* [Stored records]:
#####

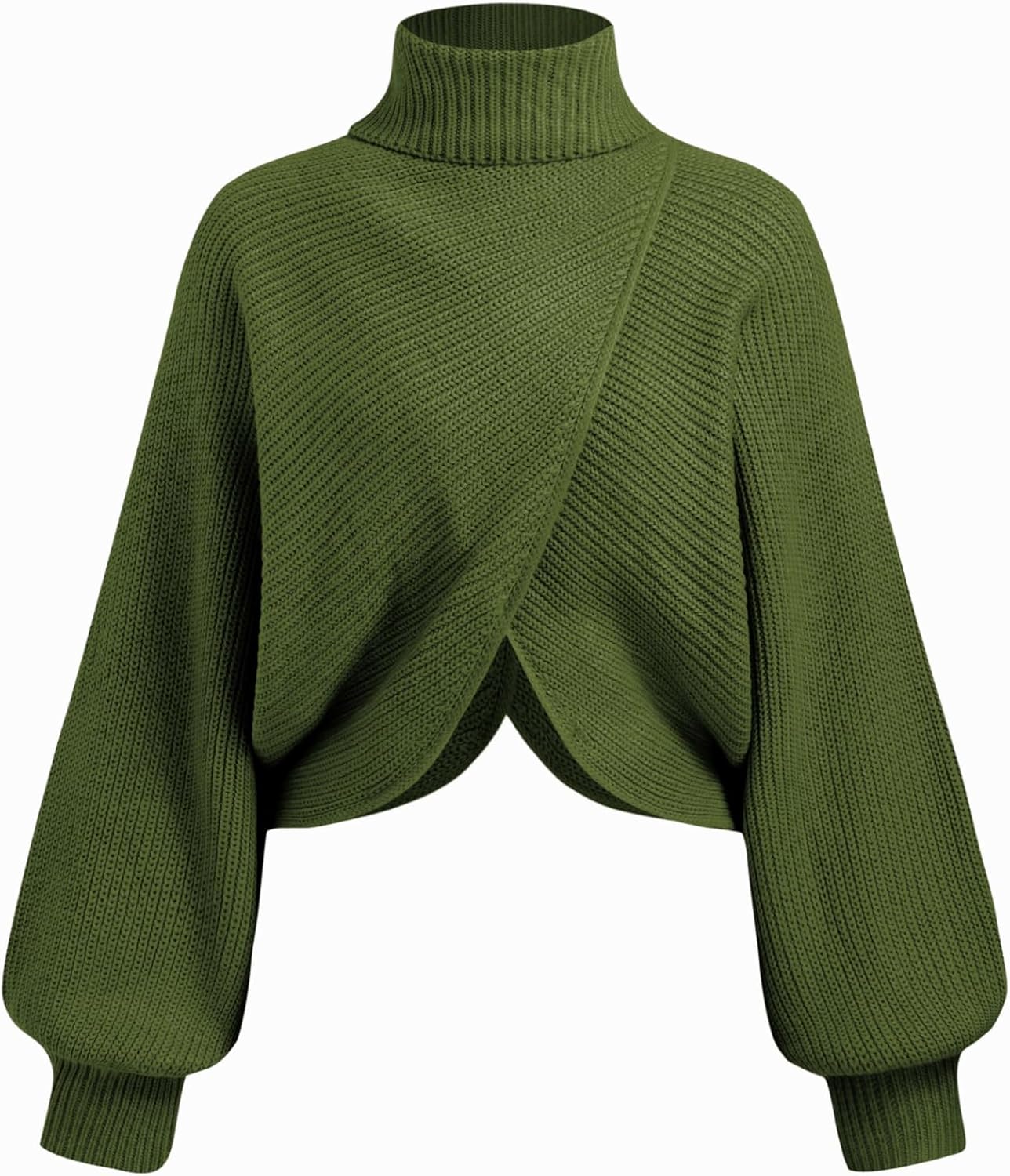 CIDER Cropped Sweaters for Women Turtleneck Sweater Long Sleeve Ribbed Knit Lantern Sleeve Pullover Fall Outfits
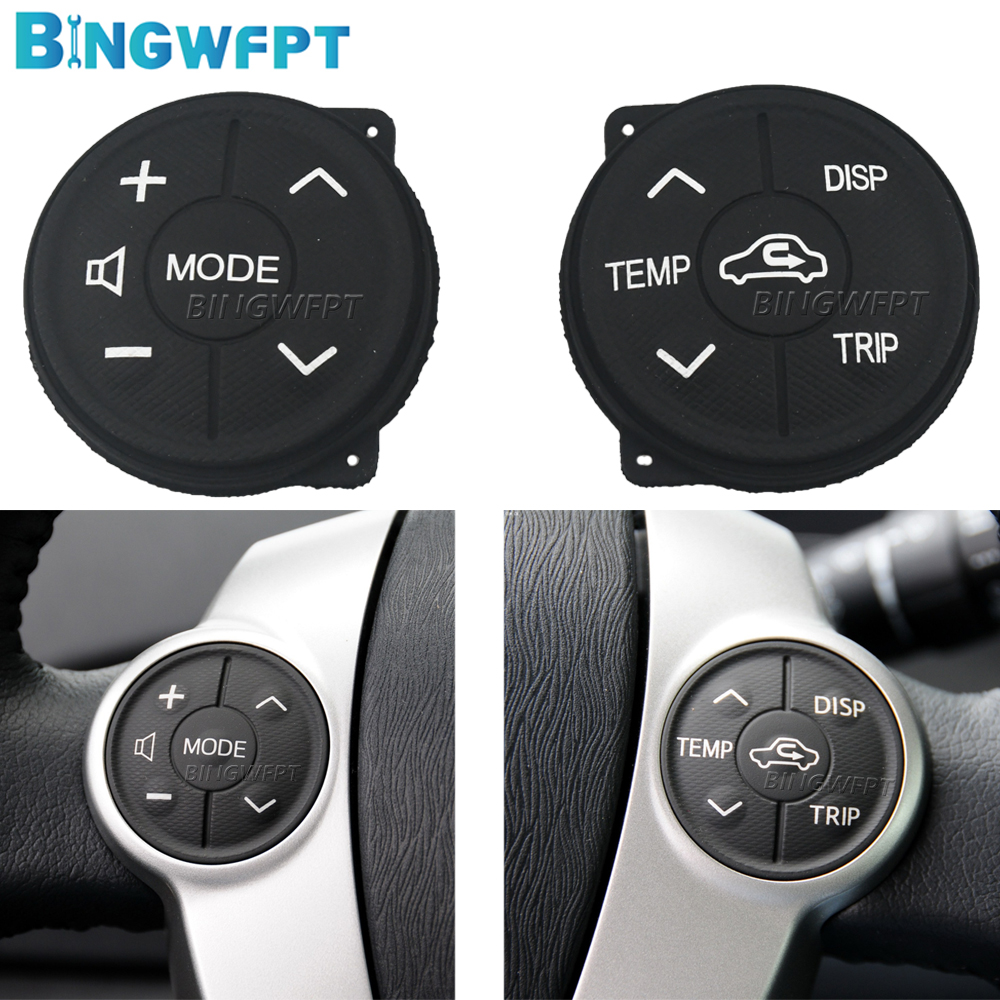 (izquierda + derecha) Panel de Control de interruptor de volante de goma para Toyota Prius C US 2012-2017 Aqua 2014 controlador de botón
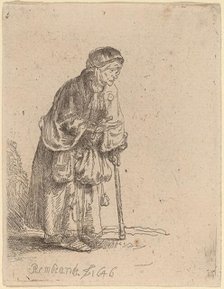 Beggar Woman Leaning on a Stick, 1646. Creator: Rembrandt Harmensz van Rijn.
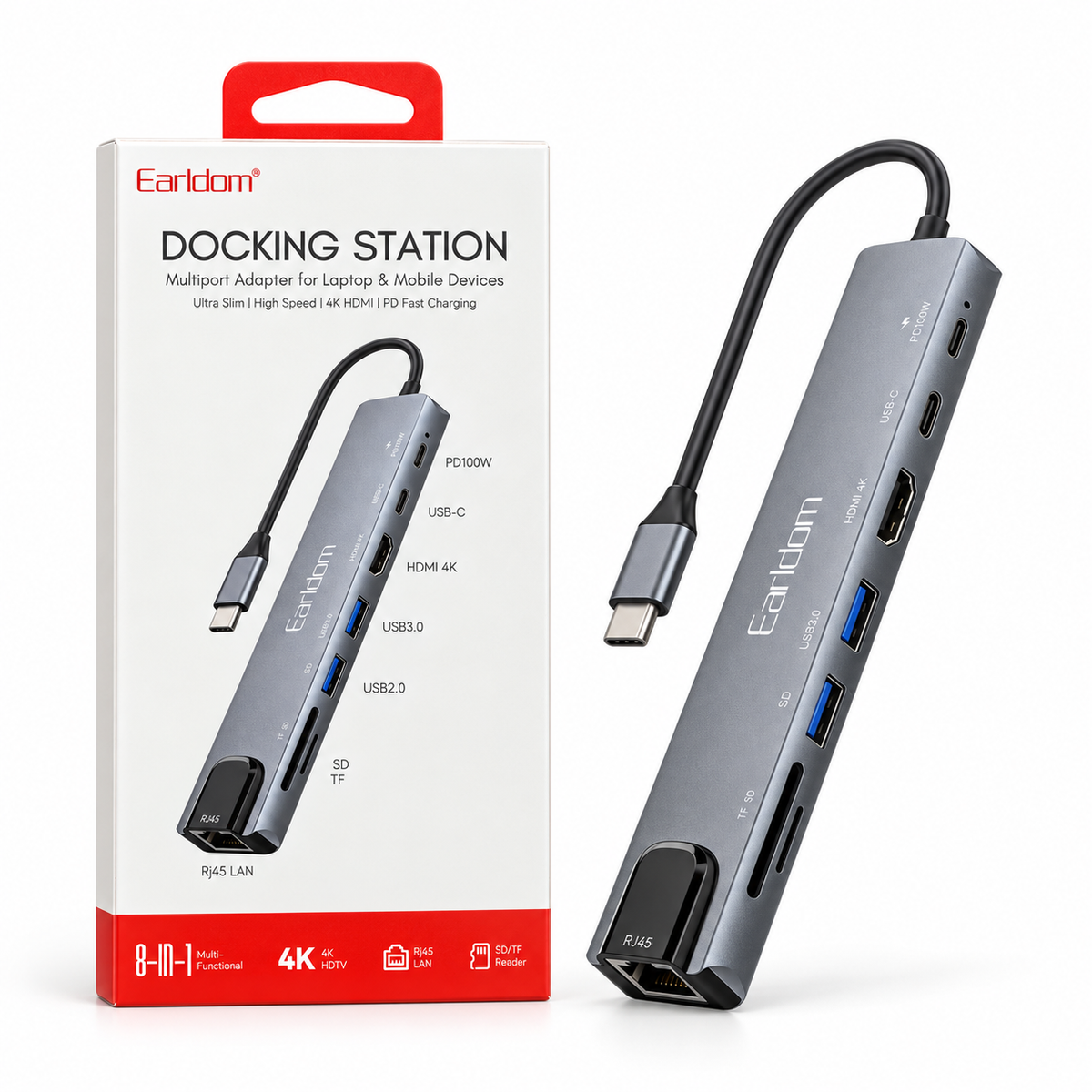 Earldom 8 in 1 Docking Station Multiport Adapter 4K W41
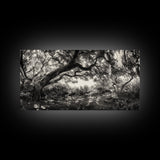 Twisted Forest Canopy, Ancient Trees, Mystical Woodland, Canvas Print, Boho Living Room Art, Black and White Nature Print, Cabin Decor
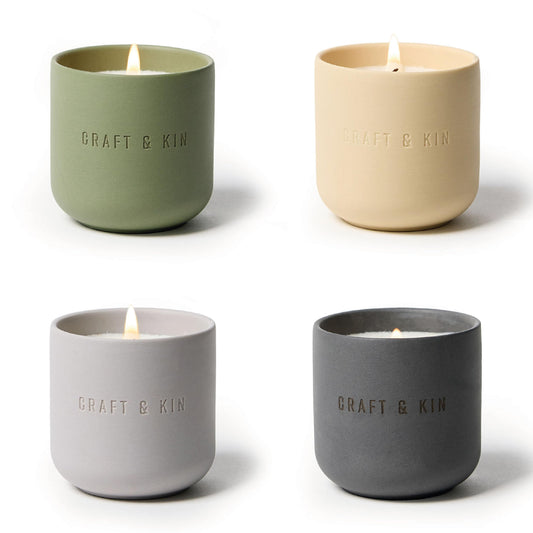 Craft & Kin Scented Candles Discovery Set | 4 Pack of 3oz Candles | 20-Hour Burn Time, Soy Blend Wax, Cotton Wick, Ceramic Jars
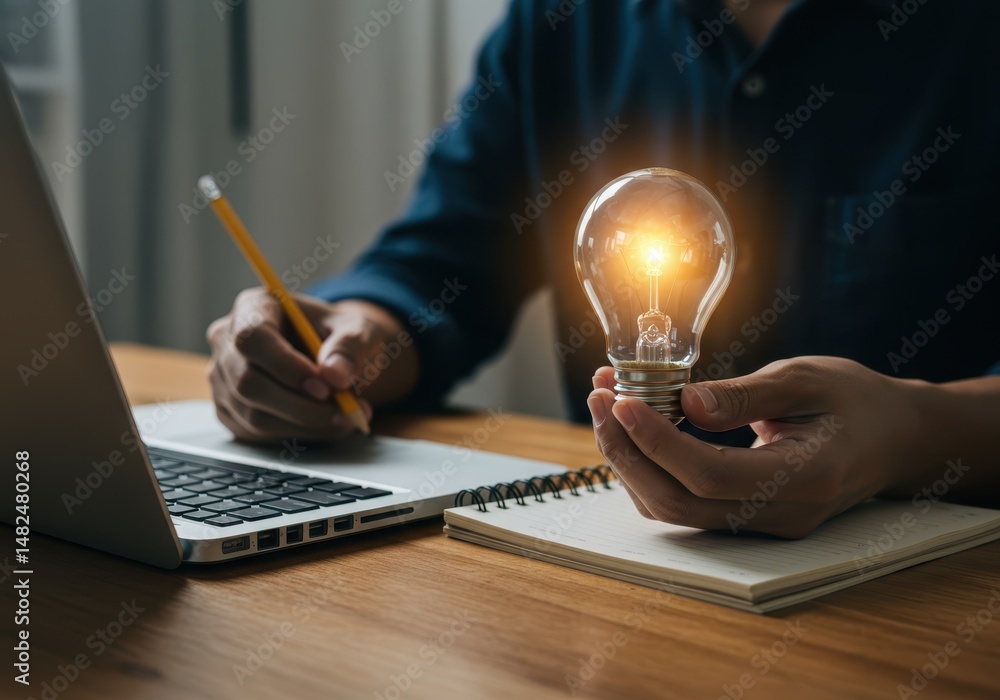 Poster person holding a glowing lightbulb while working on a laptop and writing in a notebook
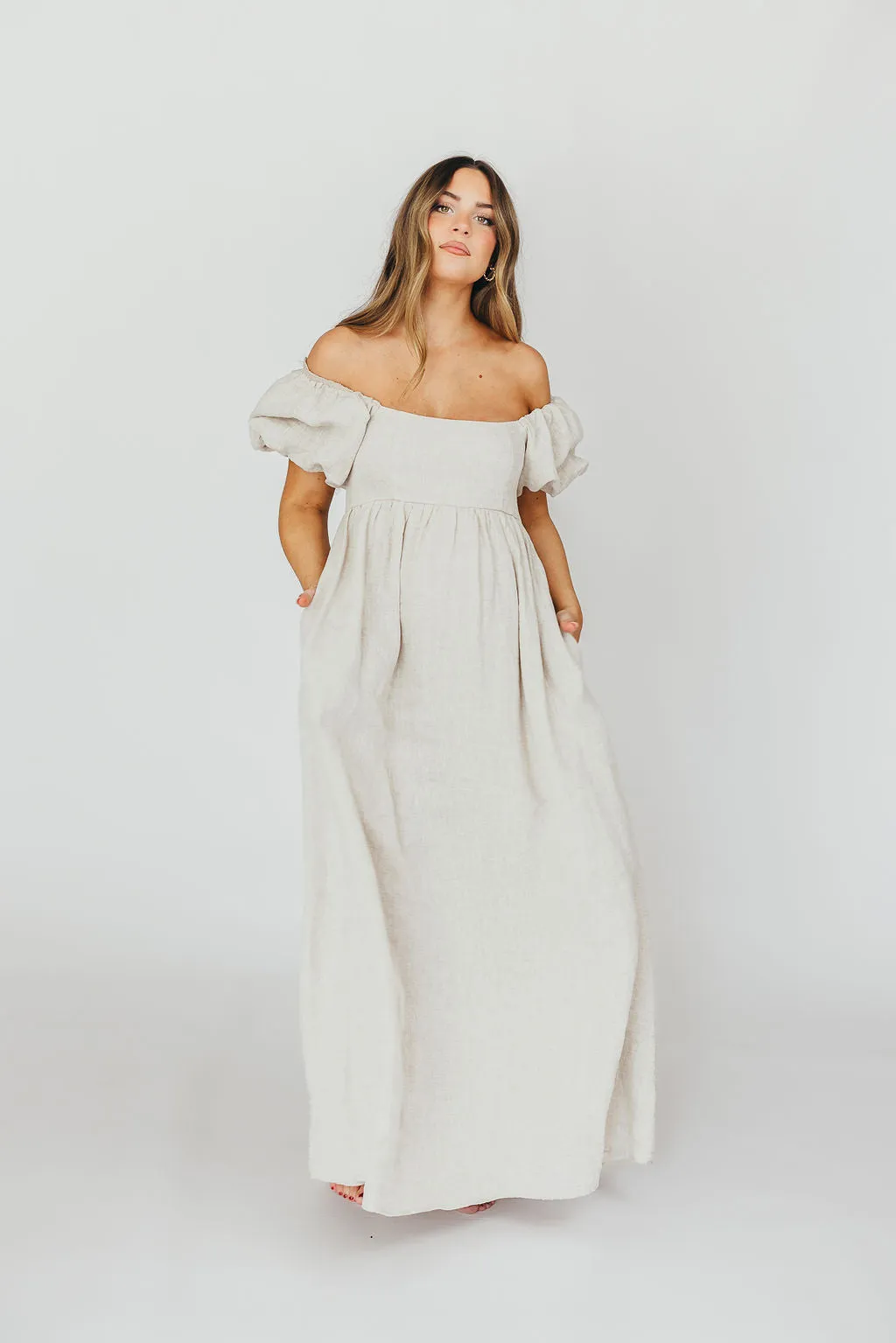 Candace Maxi Dress in Natural - 100% Linen - Bump Friendly sold by Worth Collective product image thumbnail 4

#####

* [Assignment]:
Leaving the pictures out, give again word for word each line from the one holding "Poster person holding" through the end of the records.

* [Answer to this task]:
 Poster person holding a glowing lightbulb while working on a laptop and writing in a notebook
 Candace Maxi Dress in Natural - 100% Linen - Bump Friendly sold by Worth Collective product image thumbnail 4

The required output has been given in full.